(Short web captions)
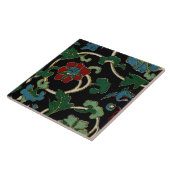 Elegant  Japans Floral Tegeltje (Zijkant)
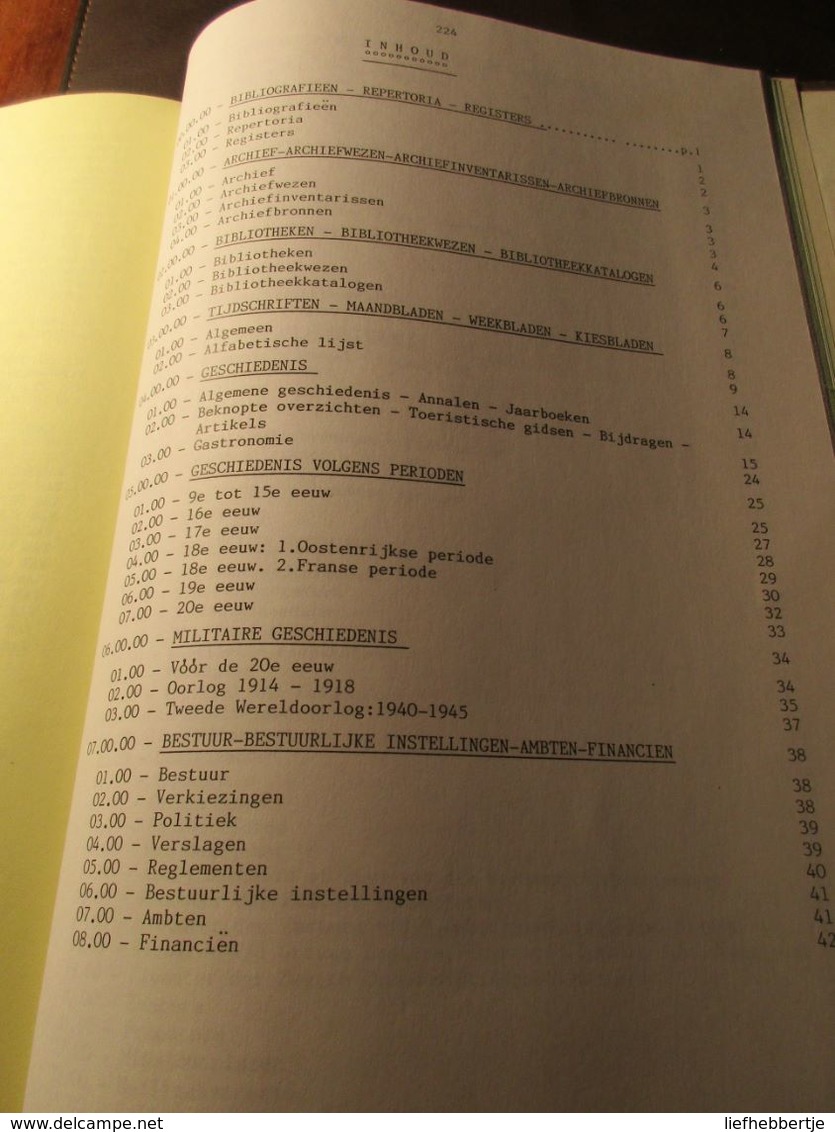 Bibliografie van Veurne - door E. Van Gelder - 1987 - luxeuitgave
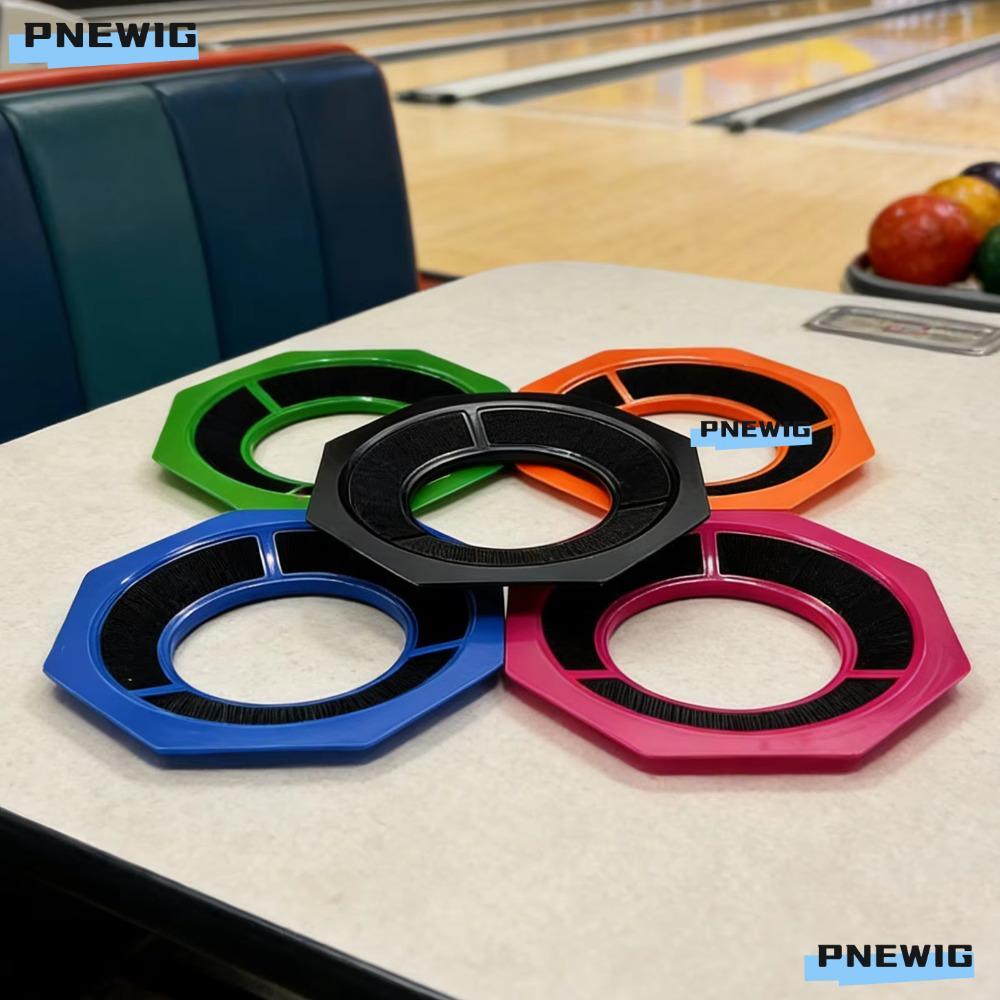 PNEWIG Bowling Ball Siding Pad Holder, หกเหลี่ยมลื่น Bowling Ball Holder, Universal 2-in-1 Reusable 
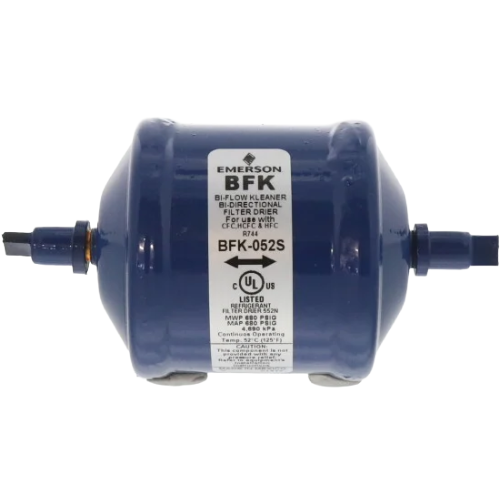 Copeland 062425 bi-flow liquid line filter drier, 1/4" sweat, 5 cu in, bfk052s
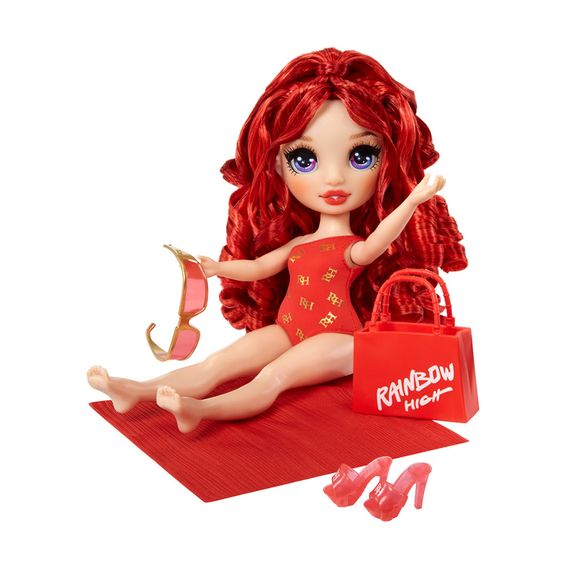 Лялька дитяча Рубі Rainbow High 507277 серії "Swim & Style" з аксесуарами | Зображення 1
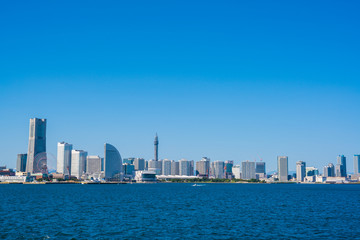 Fototapeta premium 横浜 都市風景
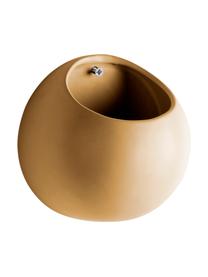 Ścienna osłonka na doniczkę z ceramiki Globe, Ceramika, Żółty, Ø 15 x W 15 cm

PROBLEM REQUIREMENTS.
In the answer, include exactly the lines from the one containing "Fototapeta premium 横浜 都市風景" through the end of the records above and no pictures at all.

ANSWER BOX.
 Fototapeta premium 横浜 都市風景
 Ścienna osłonka na doniczkę z ceramiki Globe, Ceramika, Żółty, Ø 15 x W 15 cm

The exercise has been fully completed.